WHAT YOU WILL DO — Reproduce only the lines below from the line containing "Barn Origin Mid-Back" to the line containing "Gilet Roly Jannu, Nero", exactly as written, with both end lines kept. Omit the pictures.

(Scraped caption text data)
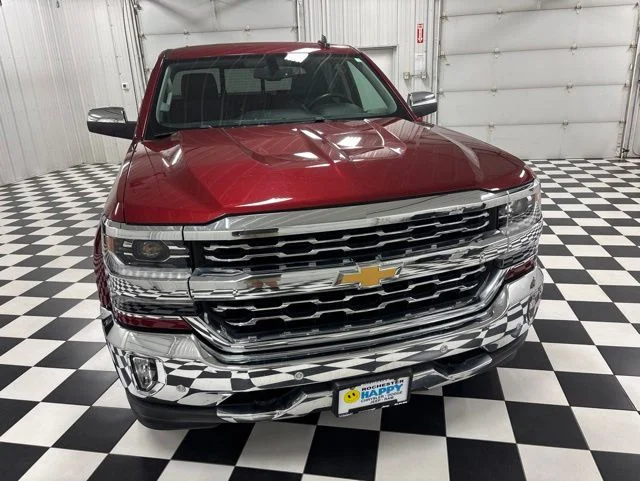 Used 2018 Chevrolet Silverado 1500 LTZ with VIN 3GCUKSEC3JG509183 for sale in Rochester, Minnesota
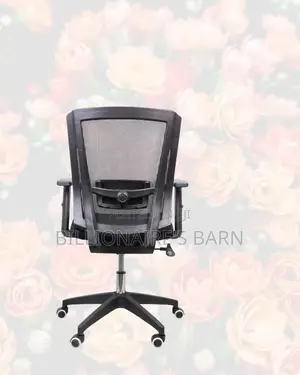 Barn Origin Mid-Back Chair | Posture Support, Durable Nylon Base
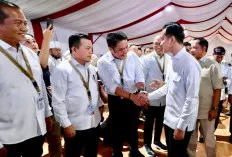 Retreat Kepala Daerah, Gubernur Sumsel Herman Deru Simak Paparan Wapres RI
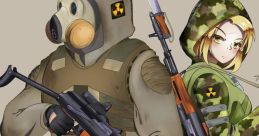 Зомби граждаский(zombie civilian) S.T.A.L.K.E.R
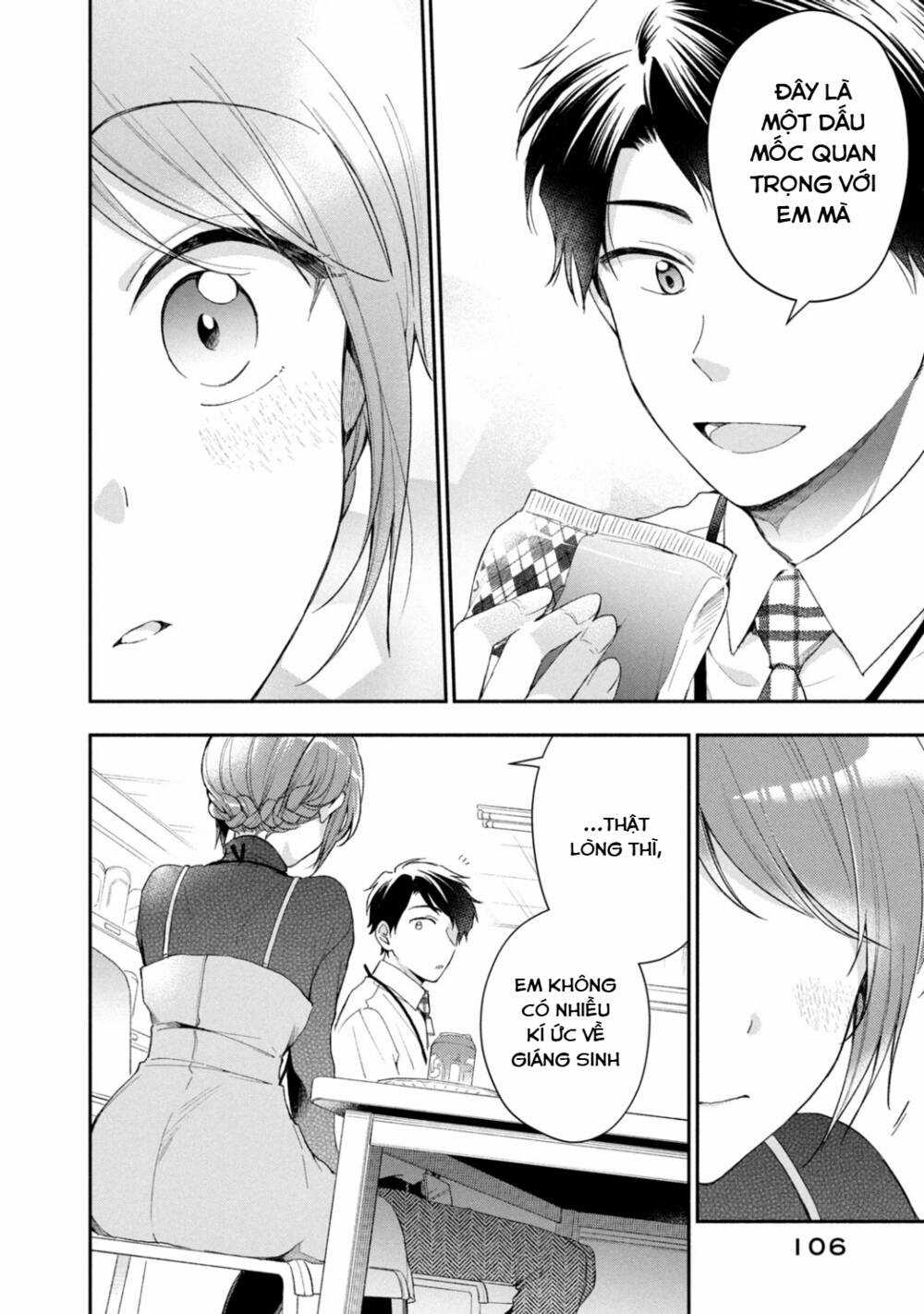 Em Có Thể Giữ Bí Mật Giúp Anh? Chapter 45 trang 8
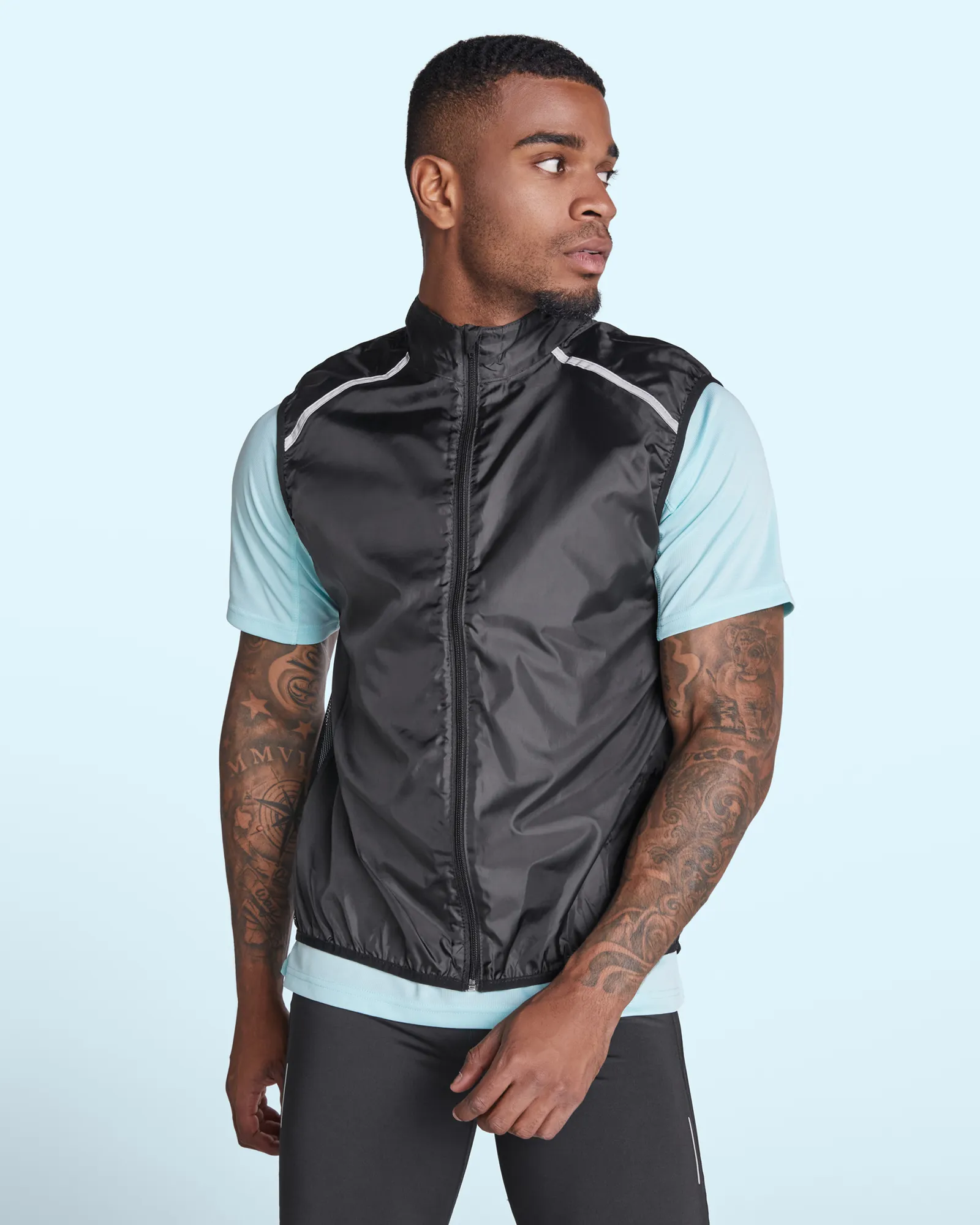 Gilet Roly Jannu, Nero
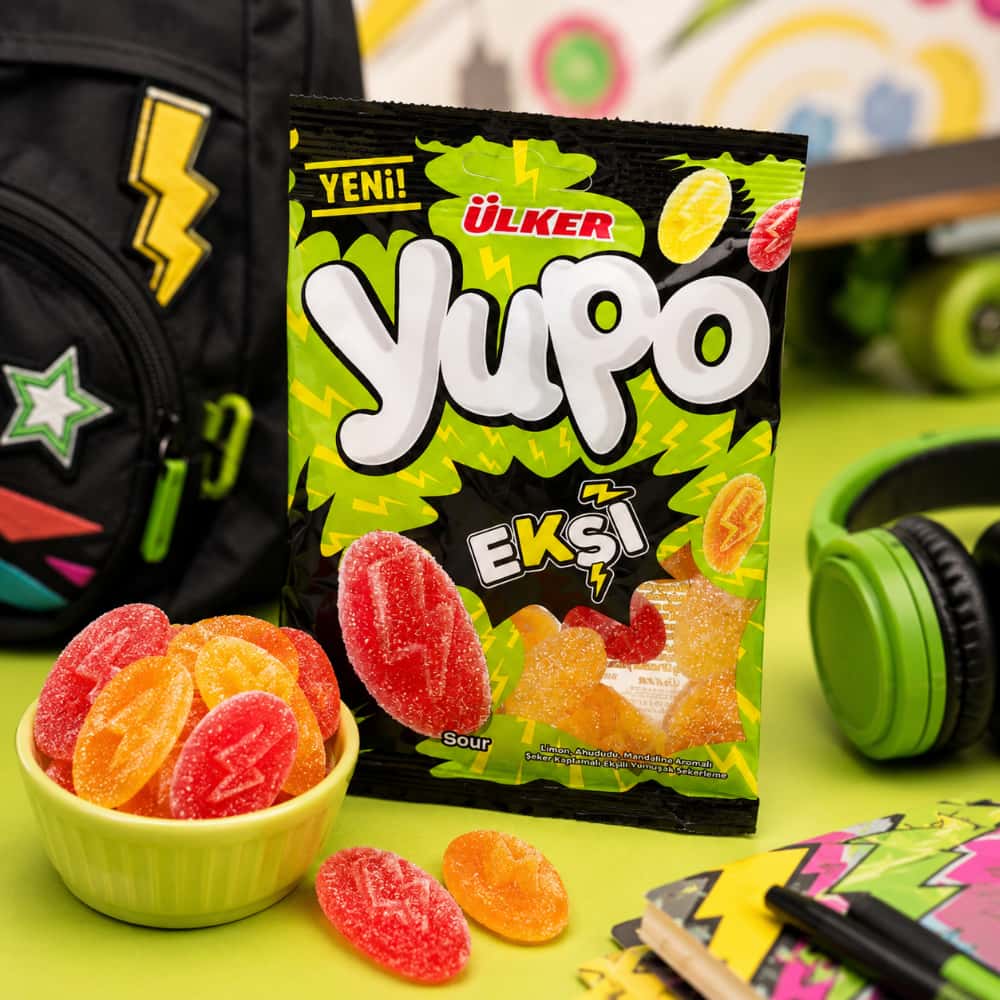 Gomitas de gelatina YUPO Ülker (65 g / 2.29 oz) - Miniatura 3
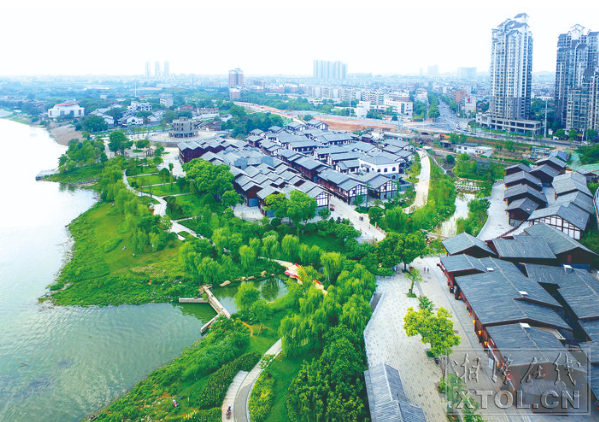 窑湾历史文化街区。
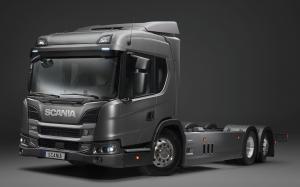 Scania L 320 6x2 Hybrid '2018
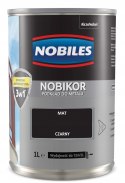 Podkład do metalu Nobiles Nobikor czarny 1 l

TASK ANSWER —
 Barn Origin Mid-Back Chair | Posture Support, Durable Nylon Base
 Retreat Kepala Daerah, Gubernur Sumsel Herman Deru Simak Paparan Wapres RI
 Зомби граждаский(zombie civilian) S.T.A.L.K.E.R
 Em Có Thể Giữ Bí Mật Giúp Anh? Chapter 45 trang 8
 Gilet Roly Jannu, Nero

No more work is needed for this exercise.